Correspondance 1812-1876, 4/1862/DXIX



DXIX

À MADEMOISELLE NANCY FLEURY, À PARIS


Nohant, 7 août 1862.


Ma chère mignonne,

Je suis bien contente de l’embarras d’Hetzel[1] puisqu’il me procure une charmante lettre de toi, et de bonnes nouvelles de vous toutes. J’ai vu ton père hier et nous avons causé, comme tu penses, de tout ce qui vous concerne, et de cette pauvre chère grand’mère qui est partie !

Ma Lina, qui est de retour de son voyage et se propose de t’écrire bientôt, a fait aussi mille questions sur vous à ton père. Et nous avons dit beaucoup de mal de toi, comme tu penses ! Nous avons grondé ton père de ce qu’il ne te faisait pas courir un peu avec lui quand il vient chez nous : ce serait si bon pour nous de te tenir ici ! Mais il dit : « Cela ne se peut pas, elle travaille, elle est forcée à des relations continuelles pour ses travaux. »

Un temps viendra peut-être où tu auras un peu de vacances, et Valentine aussi, et alors ta petite maman n’aurait plus de raison d’être à Paris quand le père aurait à venir en Berry. Vous prendriez Nohant pour centre d’opérations, ton père faisant ses courses et promenades ; vous, le peu de visites que vous tenez à faire maintenant au pays, et vous auriez chez nous le home et la famille.

Rien ici de changé essentiellement depuis les bons jours d’intimité que nous y avons passés ensemble, sauf le grand bonheur d’avoir cette adorable et adorée petite, immense compensation aux douleurs qui nous ont tous frappés et aux adieux tant de fois répétés aux vivants et aux morts.
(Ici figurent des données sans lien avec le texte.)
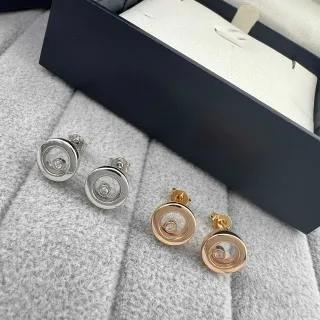 Silver and Rose Gold Rotating Disc Stud Earrings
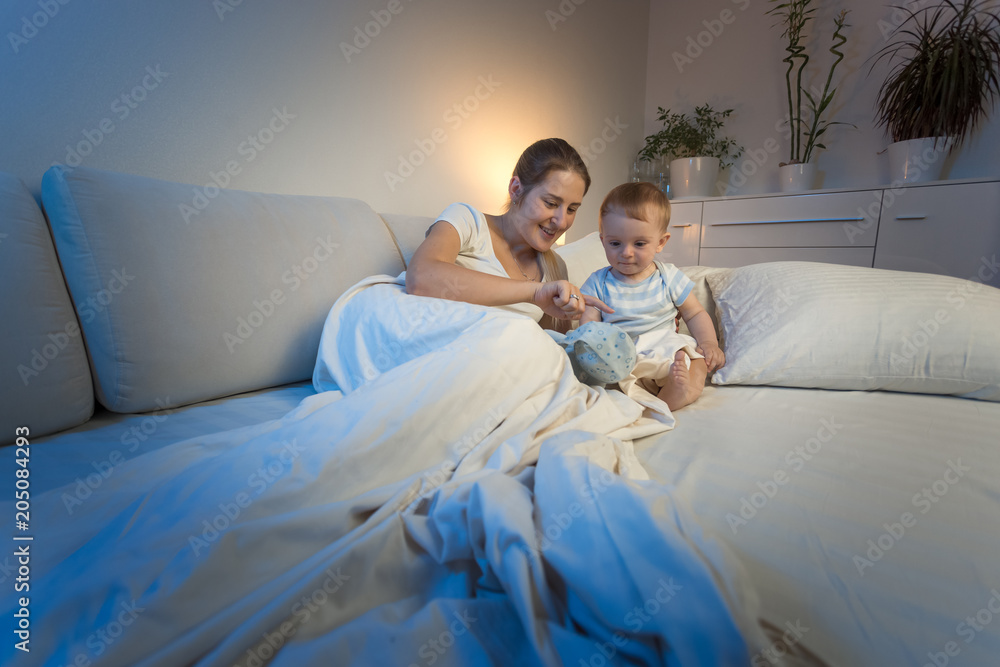 Fototapeta premium Young mother lying with her baby son in bed and giving him plush toy
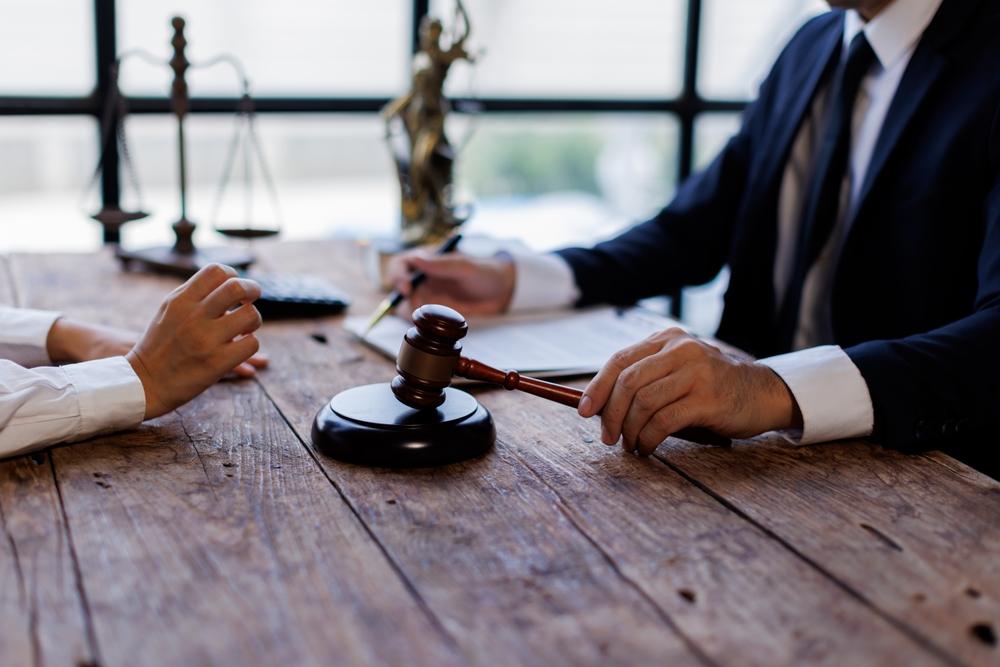 A man speaking to a lawyer. Go over x questions to ask your personal injury lawyer.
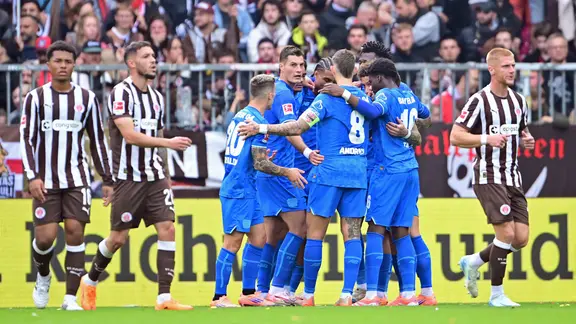 Leverkusen's players cheer a goal
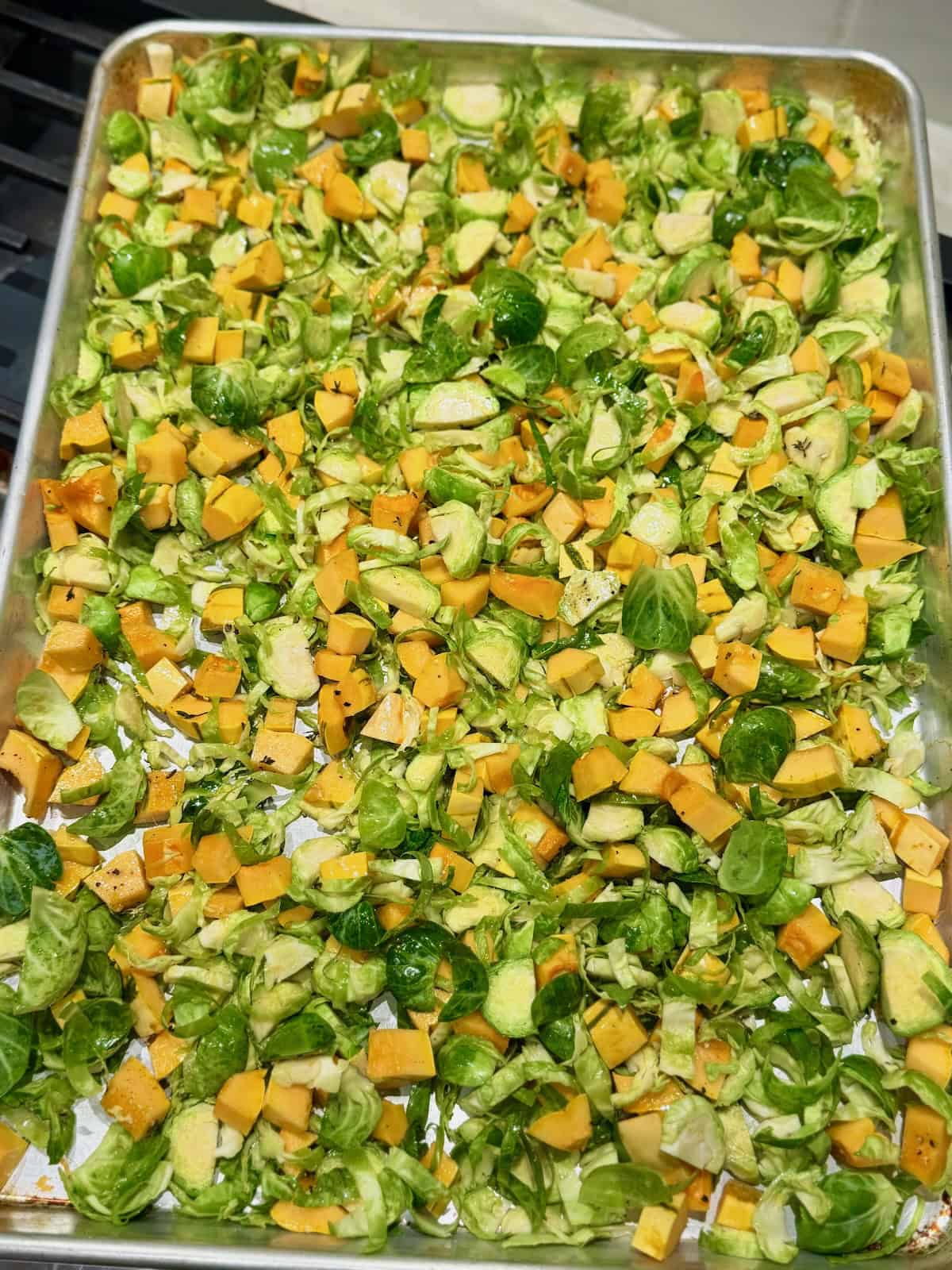 Diced delicata squash and shaved Brussels sprouts are spread across a baking sheet with olive oil and seasonings, ready to roast.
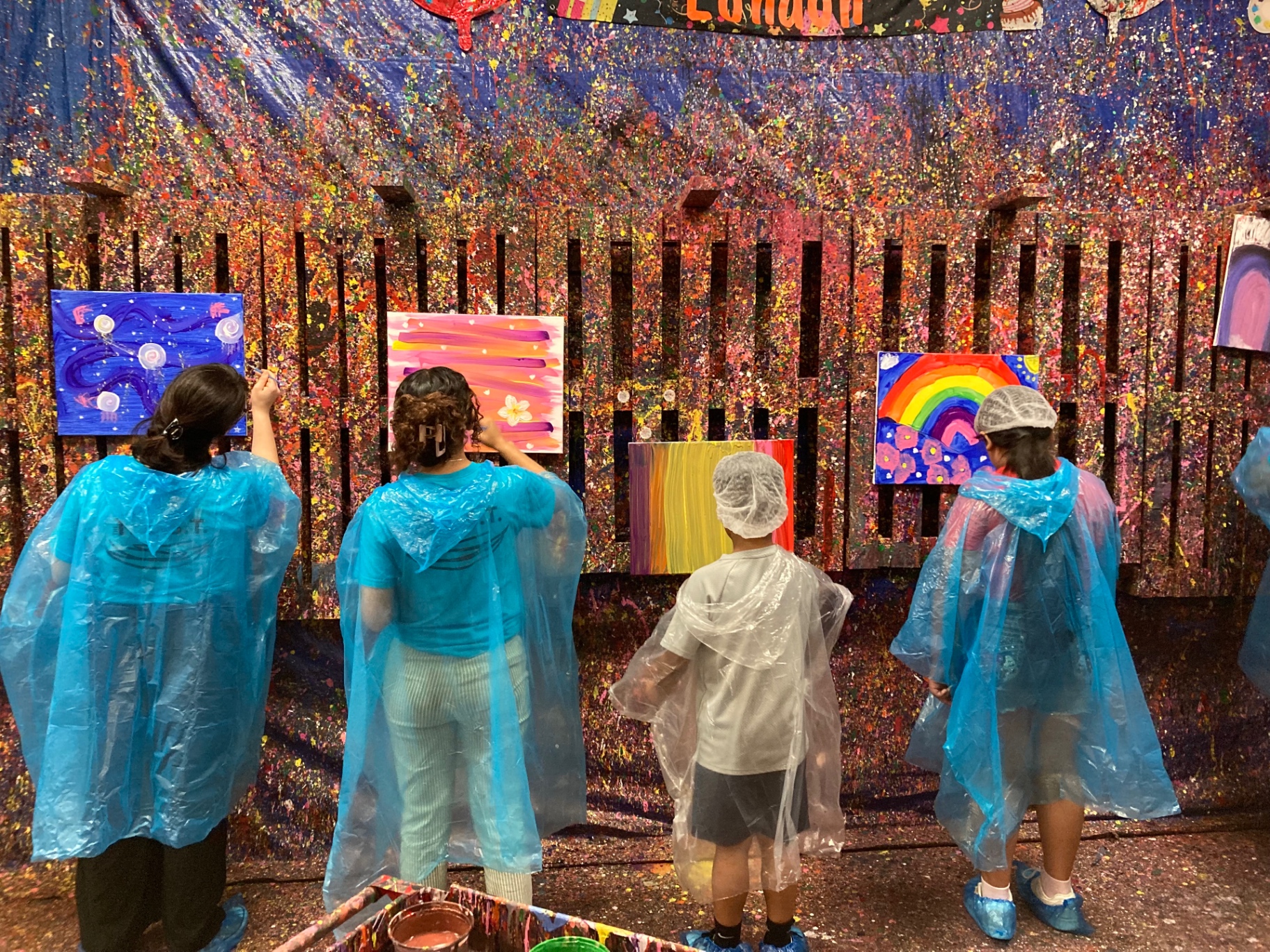 Painters at work along the splatter wall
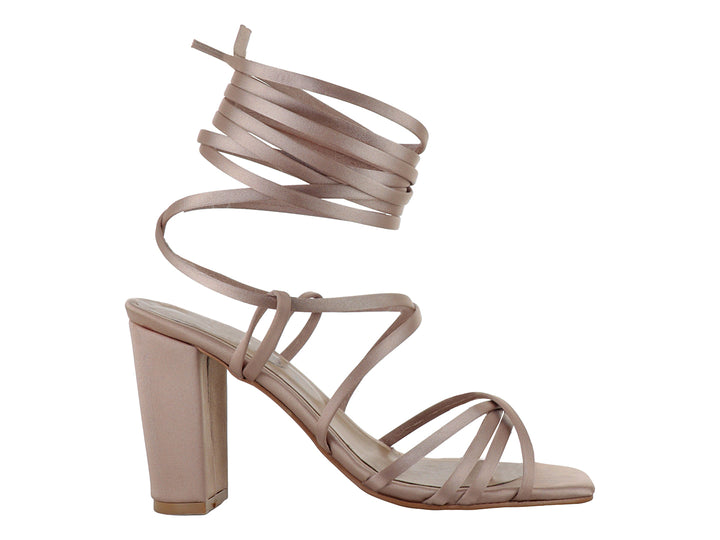 Sandalias color nutty con tacón grueso y tiras largas para amarrar alrededor de la pierna.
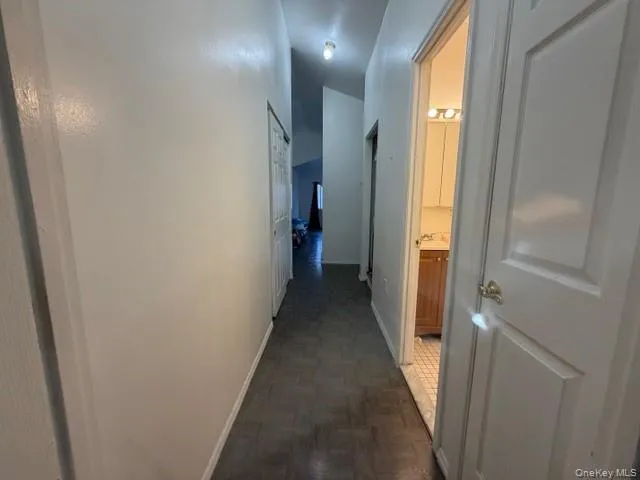 Hall featuring baseboards Hall featuring baseboards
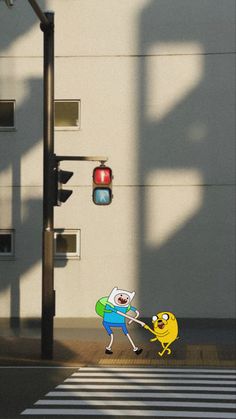 an animated character holding onto another character in front of a traffic light on a city street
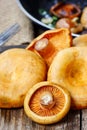 Saffron milk cap mushrooms on wooden table Royalty Free Stock Photo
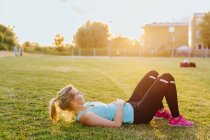 Fit woman lying on grass — Stock Photo
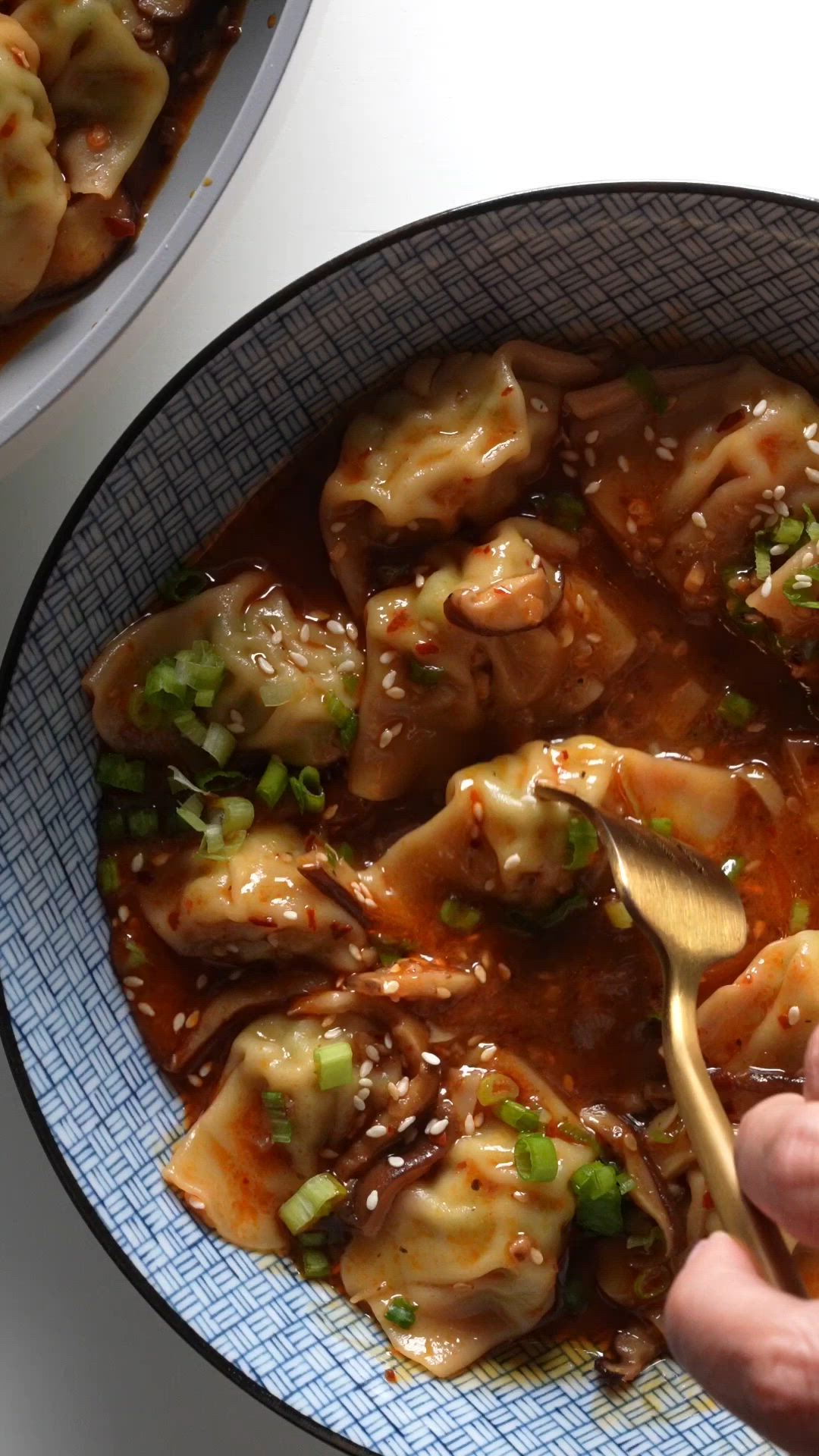 This contains: Making a chili sauce in a pan with mushrooms, and then adding chicken wontons to simmer. The wontons are added to a bowl and topped with sliced green onions,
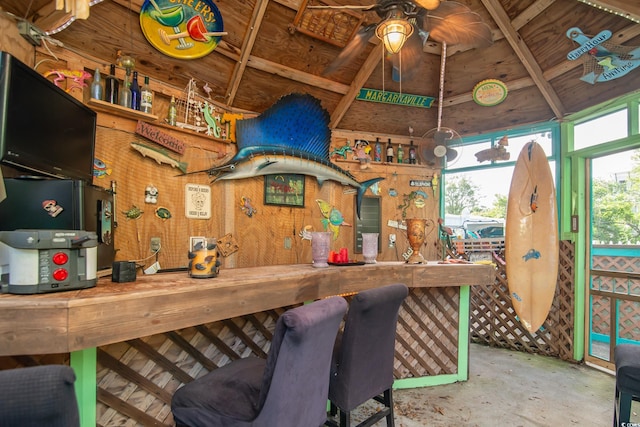 174 Edward Ave, Murrells Inlet, SC 29576 - kitchen with ceiling fan, unfinished concrete floors, and vaulted ceiling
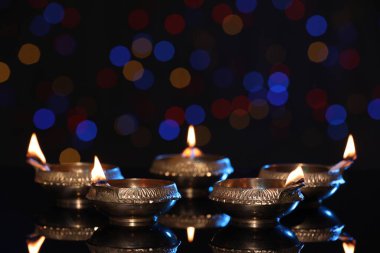 Karanlık arka planda bulanık ışıklarla aydınlatılmış diyadalar, metin için boşluk. Diwali lambaları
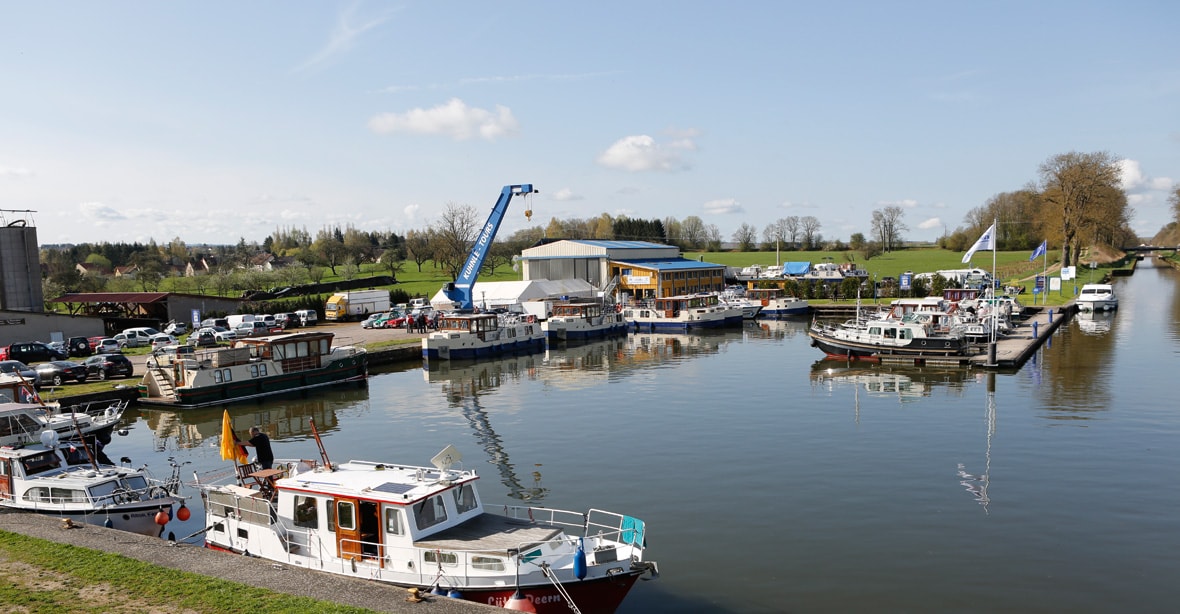 The image displays a serene waterfront scene featuring a variety of boats docked along a calm river. Lush greenery surrounds the area, with a number of buildings visible in the background. A crane is positioned on the shore, contributing to the marina's activity.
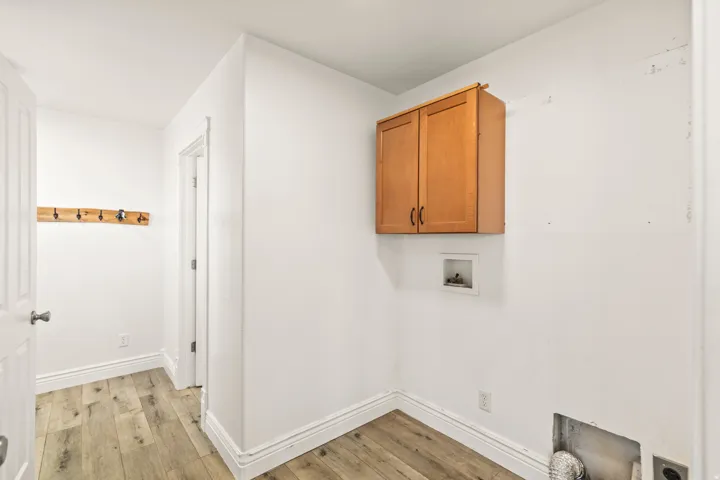 Wood-finish flooring, white trim, and a wall-mounted wooden cabinet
Laisse Lina et moi faire ce bon rêve de vous ravoir quelquefois près de nous, quand de bonnes circonstances le permettront, et parlons de cette géométrie naturelle, qui est une œuvre charmante et bonne. Que les lecteurs sont donc bêtes avec leur répulsion pour les mots ! Enfin cherchons :

Avant nous.
L’œuvre avant l’ouvrier.
Les formes primitives.
La science avant les savants.
L’artiste éternel.
Histoire de la forme.

La loi des formes naturelles.

Tout cela ne vaut rien, et rien ne vaudra jamais le vrai titre, qui était le seul juste. Il faut tâcher de persuader à Hetzel de le conserver, ou il faut qu’il en trouve un bon. S’il refusait l’ouvrage, il me semble que madame Pape-Carpentier trouverait à le placer naturellement dans la Bibliothèque utile de Leneveu, qui est un excellent recueil, très répandu et très goûté.

Bonsoir, chère fille ; je t’embrasse, je vous embrasse tous bien fort.

TA MARRAINE.

  1. Qui cherchait un titre pour l’ouvrage d’abord intitulé Évenor et Leucippe, et qui s’est définitivement appelé les Amours de l’âge d’or.